Every tabletop role-playing game, board game, and wargame comes down to dice rolls — and knowing the exact probability of a roll before you take the risk is a genuine advantage. This dice probability calculator gives you the precise probability distribution for any pool of up to 20 polyhedral dice, standard or custom, in seconds.
How the maths works
The calculator uses dynamic programming to compute the exact probability distribution. The process unfolds in layers:
- Start with a single die: every face from 1 to s has probability 1/s.
- Add the second die by convolving the current distribution with the single-die distribution — each current sum merges with each face value, multiplying probabilities.
- Repeat for each additional die.
The result is a map from every achievable sum to its exact probability. No Monte Carlo simulation, no rounding until display: every figure is mathematically exact for the given configuration.
For n dice each with s sides, the minimum sum is n (all ones) and the maximum is n × s (all maxima). The mean is:
μ = n × (s + 1) / 2
The variance is:
σ² = n × (s² − 1) / 12
These closed-form values match what the dynamic programming engine computes.

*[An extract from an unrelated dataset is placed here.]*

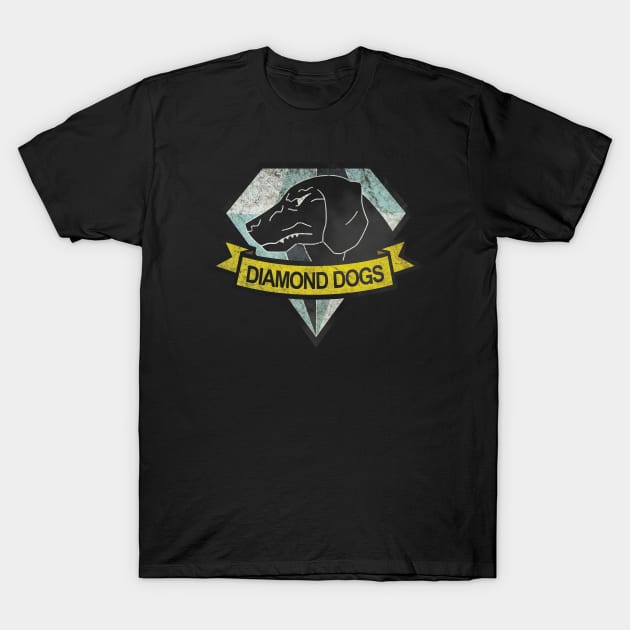 Diamond Dogs (Distressed) - Metal Gear Solid V: The Phantom Pain T-Shirt by Taereus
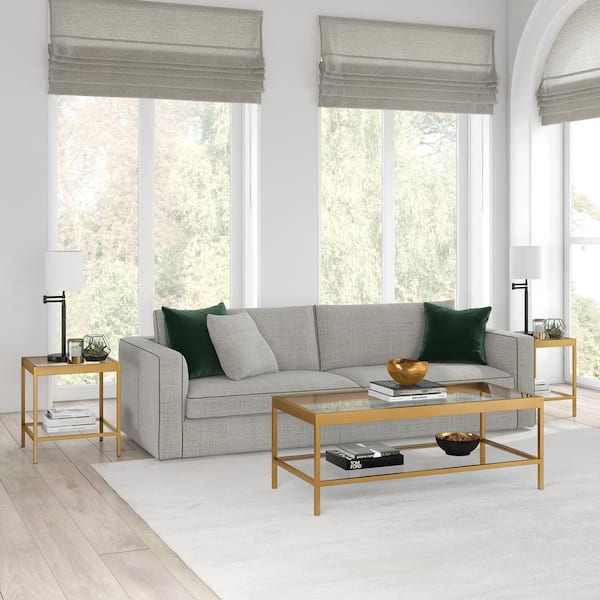 Moby 25-/12 in. Blackened Bronze Swing Arm Table Lamp with Drum Shade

Worked example — the classic 2d6
A standard board game or tabletop RPG roll of 2d6 produces sums from 2 to 12. There are 36 equally likely face combinations (6 × 6):
| Sum | Combinations | Probability |
|---|---|---|
| 2 | 1 | 2.78% |
| 7 | 6 | 16.67% |
| 12 | 1 | 2.78% |
The mean is (2 + 12) / 2 = 7, confirming the formula μ = 2 × (6 + 1) / 2 = 7. The probability of rolling at least 10 (a common difficulty threshold) is P(sum ≥ 10) = (3 + 2 + 1) / 36 ≈ 16.67%. Change the query to “at least 7” and the probability jumps to 58.33%.
Highlighted use cases
D&D 5e ability score generation — rolling 4d6 and dropping the lowest is not directly modelled here (this tool sums all dice), but you can use it to check the straight 3d6 distribution: the mean is 10.5 with standard deviation ~2.96, and the probability of rolling 15 or higher is about 9.26%.
Warhammer / skirmish games — many games use pools of d6 where you count successes (rolls of 4+, 5+, 6). Select the “at most” mode for failure counts, or “at least” for success counts, on a single die to find the per-die probability, then use the related Binomial Probability Calculator for the full success-count distribution.
Custom polyhedral dice — Dungeon World uses 2d6, many OSR games use a d30 for special tables, some games use d10 pools. Just type the custom number of sides.
Formula note
The core recurrence is:
P(sum = t after die i) = Σ P(sum = t − f after die i − 1) × (1/s)
for f from 1 to s. This is the discrete convolution of uniform distributions, iterated n times. The resulting distribution is a discrete uniform convolution, sometimes called the Irwin-Hall distribution rescaled to integer faces.